Some of the financial reporting can be messy to follow, in part because the Clintons created separate entities, such as the Clinton Health Access Initiative, the Haiti relief initiative, Clinton Global Initiative, the Clinton Presidential Center and the Clinton Climate Initiative.

While IRS filings show the Clintons do not receive a salary, compensation comes through other means, such as travel, speaking fees and consulting contracts.

As first noted by Politico, the organization’s 990 forms show travel costs for the Clinton Foundation more than doubled in 2013 to $8.448 million largely because of “extraordinary security and other requirements” for the Clintons.

Schweizer’s book explores one way the foundation brought in money from donors who had business before the State Department, Fox News Channel reported. The charity accepted millions of dollars from the head of Uranium One, and a firm promoting its stock, while the Russians sought approval from U.S. agencies, including the State Department, to take over the company. The deal had to be approved by the State Department headed by Hillary Clinton because the sale gave the Russians control of 20 percent of the uranium production in the U.S.

During negotiations, Uranium One’s chairman donated $2.3 million to the Clinton Foundation. Bill Clinton also reportedly received $500,000 from a Russian firm promoting the company’s stocks, for a speech in Moscow. None of these transactions appear in Clinton Foundation disclosures.

A separate investigation by government watchdog group Judicial Watch revealed Bill Clinton earned $48 million from 215 speeches he made while his wife headed the State Department, and State Department officials, who were charged with flagging conflicts and ethics concerns, did not object.

A Washington Post investigation revealed Bill Clinton’s earnings for speeches were closer to $100 million.

In another controversial deal, Canadian mining executive Stephen Dattels donated 2 million shares of the company Polo Resources to the Clinton Foundation, which the foundation did not disclose, and weeks later, America’s Bangladesh ambassador reportedly used political influence to convince the Bangladesh prime minister to approve open pit mining there, boosting Polo Resources’ profits, according to the Wall Street Journal.

“It seems like the Clinton Foundation operates as a slush fund for the Clintons,” Bill Allison, a senior fellow at the government watchdog group, Sunlight Foundation, told the New York Post.

Reg Baker, a certified public accountant who has offices in Hawaii and Las Vegas and has served on several non-profit boards, told FoxNews.com the foundation is not run like most charities.

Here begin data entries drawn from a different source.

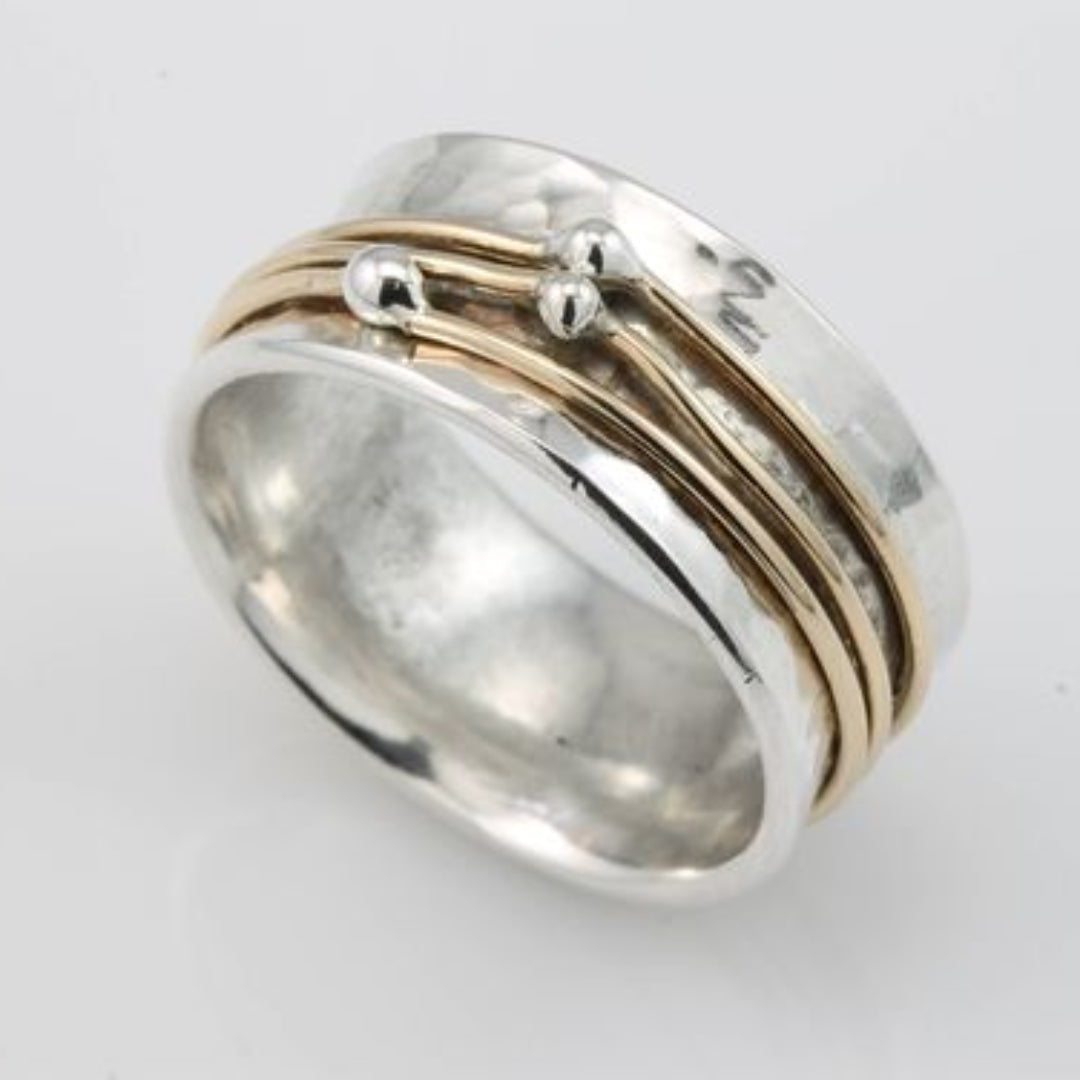 Shane – silberner Ring mit goldener Beschichtung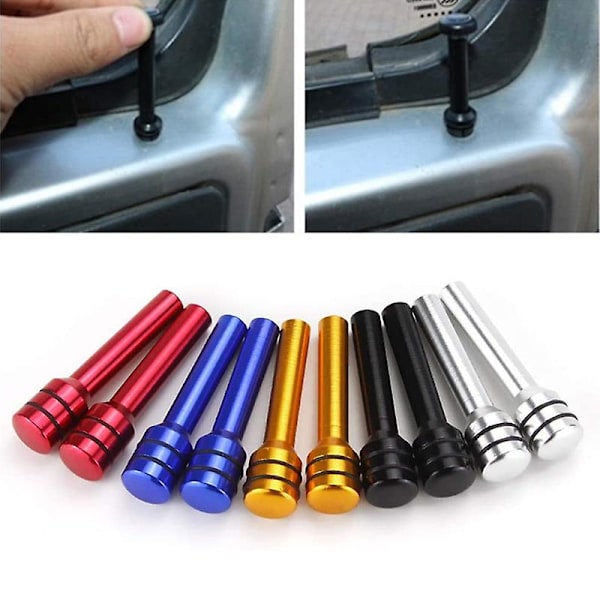 Bil Aluminiumlegering Auto Säkerhet Dörr Låsstift Universal Bil Lastbil Invändig Dörr Lås Knopp Dra Pins Lock Inredningsdekoration|lås &amp; Hårdvara| Red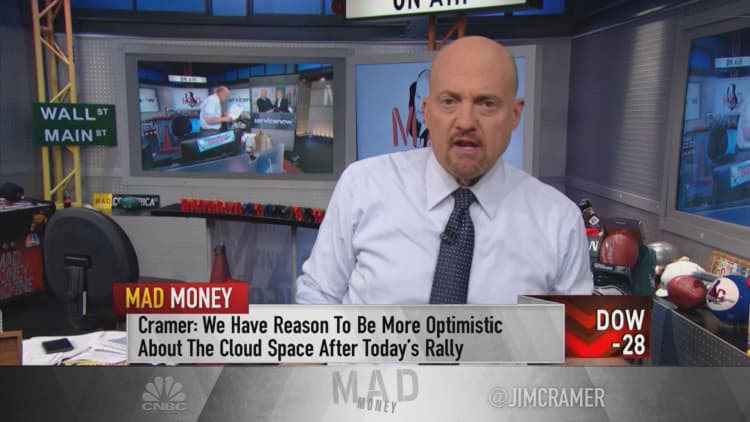 Jim Cramer says cloud stocks worth buying on the pullback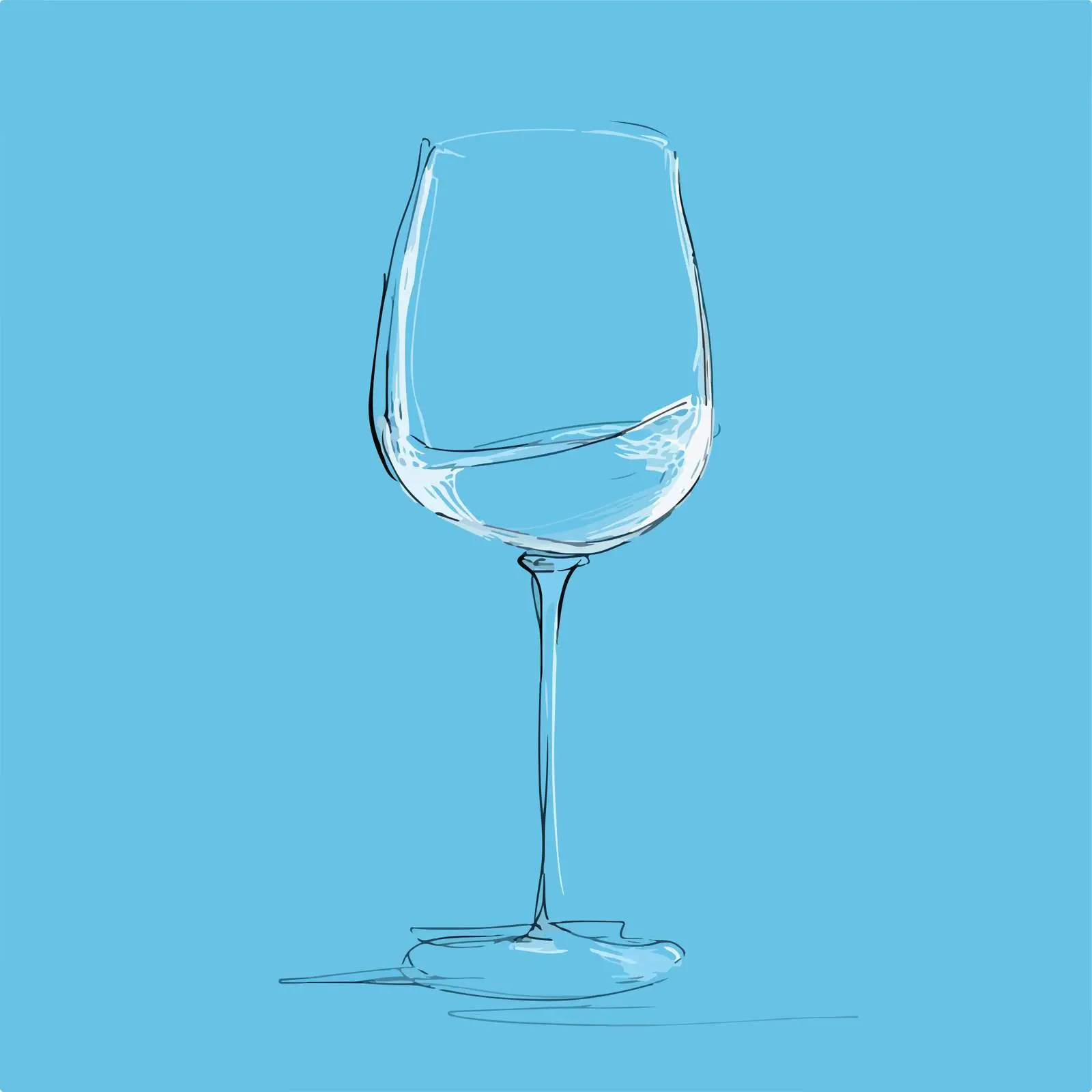 Minimalist Wine Glass Art — free download from Dotvec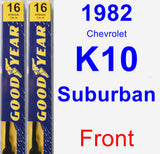 Front Wiper Blade Pack for 1982 Chevrolet K10 Suburban - Premium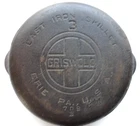 Vintage - Griswold Cast iron Skillet 3 Erie Pa. USA 709 - 3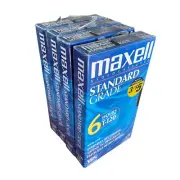 6-Maxell standard grade 6 Hour T-120 VHS Tape Video Cassette New sealed e
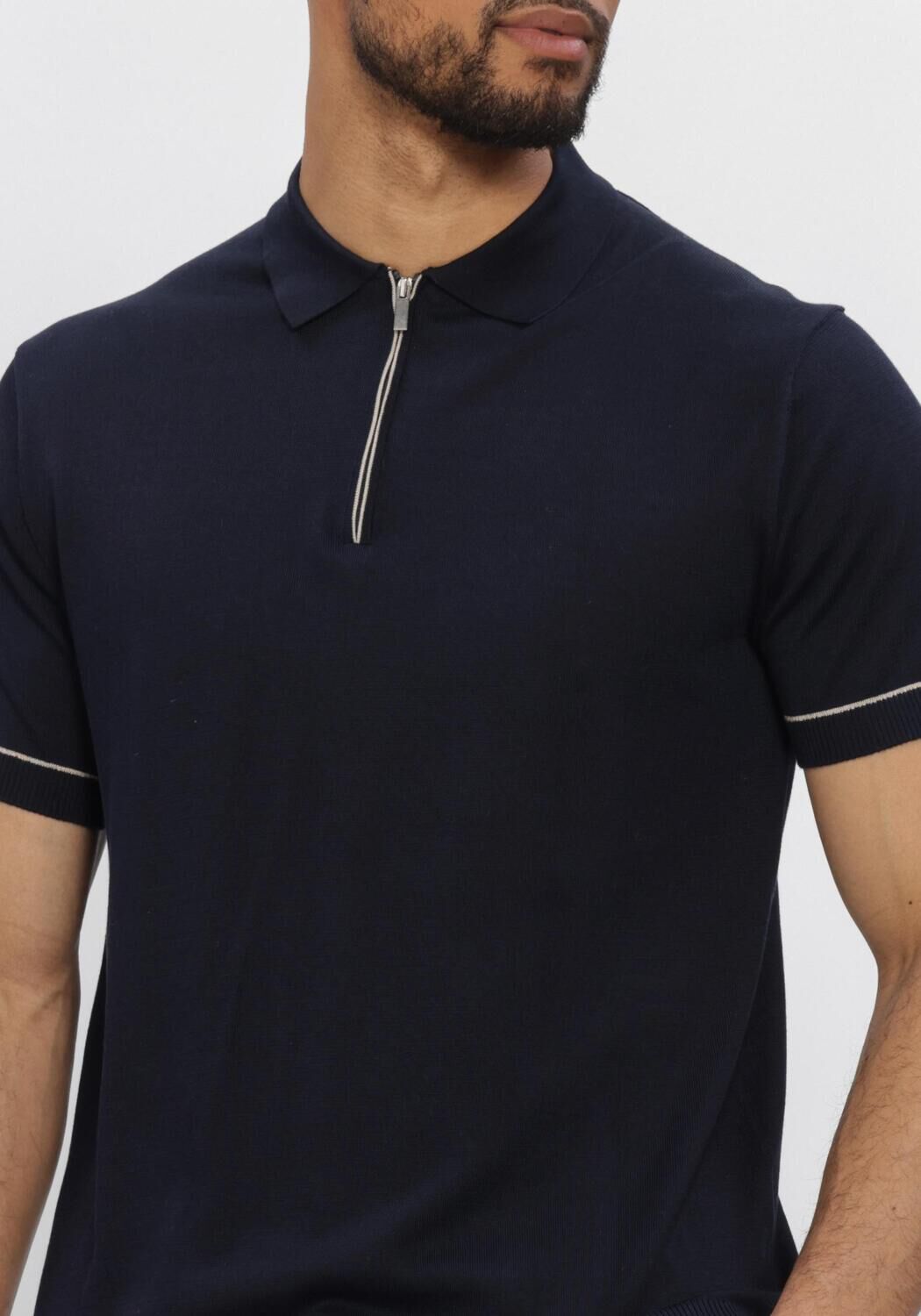 Donkerblauwe STEFANO LAURAN Polo POLO BASTIAN - large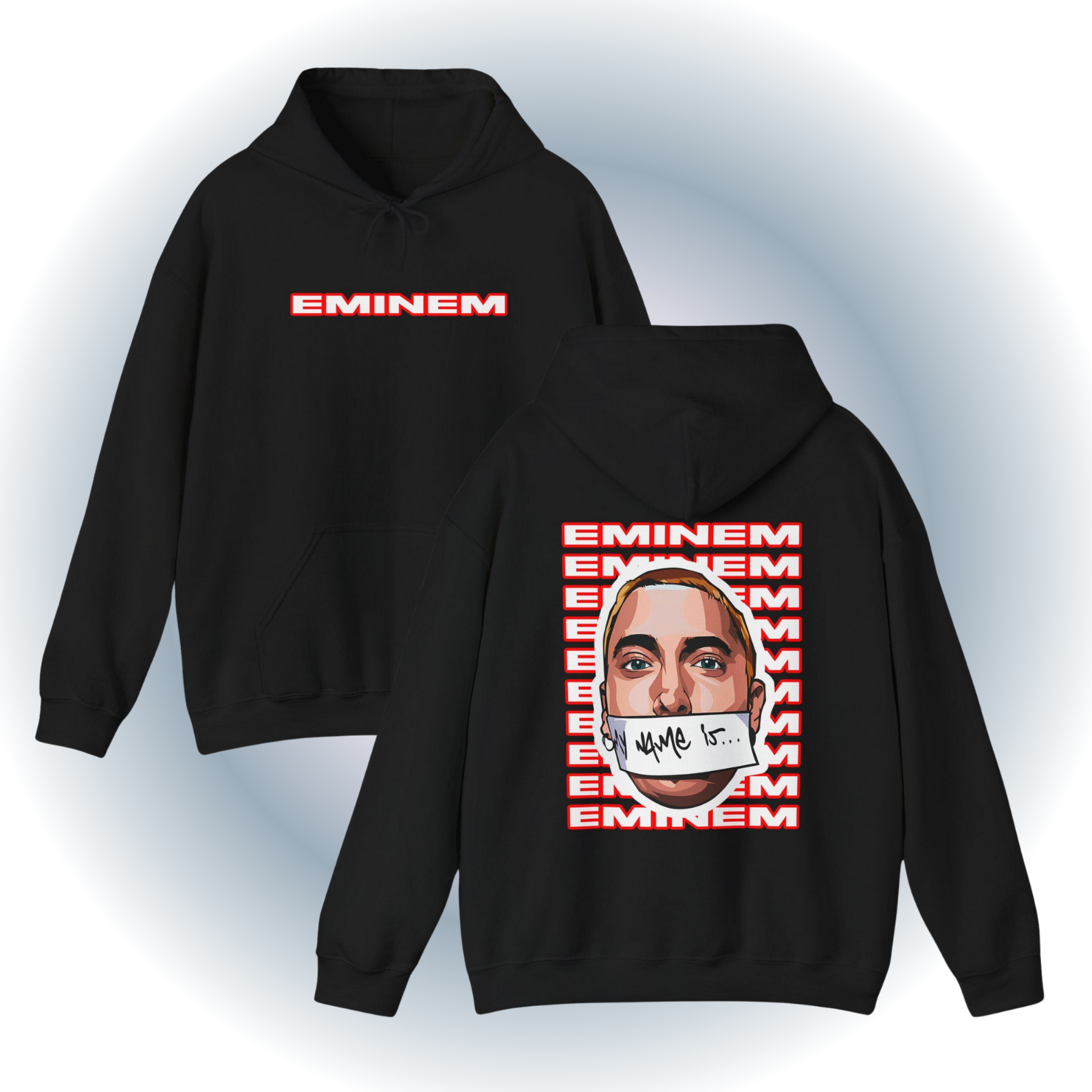 Eminem My Name Is Hoodie - The Slim Shady Merch Eminem My Name Is Hoodie - The Slim Shady Merch
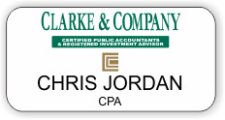 (image for) Clarke & Company White Badge
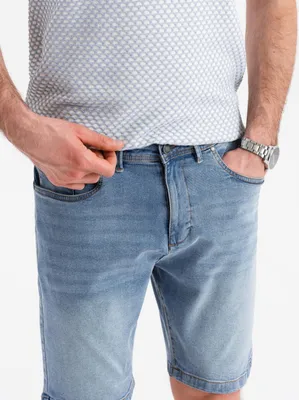 Obrázek produktu pro Ombre Clothing Pánské džínové kraťasy Kiane světle modrá S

“It sounds like another out-of-control family affair,” Baker said. “It is totally out of sync with charitable organizations’ best practices.”

The 2014 fundraising numbers for the Clinton Foundation have not been released publicly yet, but the amount raised is likely to increase.

In 2008, the Clinton Foundation raised $188.2 million, and that revenue spiked to $249 million in 2009. In 2010, while Hillary Clinton headed the State Department, the foundation’s revenue dropped to $140 million in 2010, $56.3 million in 2011, and $51.5 million in 2012. Since she’s returned, the foundation’s revenue jumped back up to $144.4 million, Davis noted.

After a barrage of investigative reports across a wide variety of media highlighting the foundation’s lack of transparency and disclosure, including during Hillary Clinton’s tenure as secretary of state, the Clinton Foundation announced last week it will amend its tax returns for the last five years.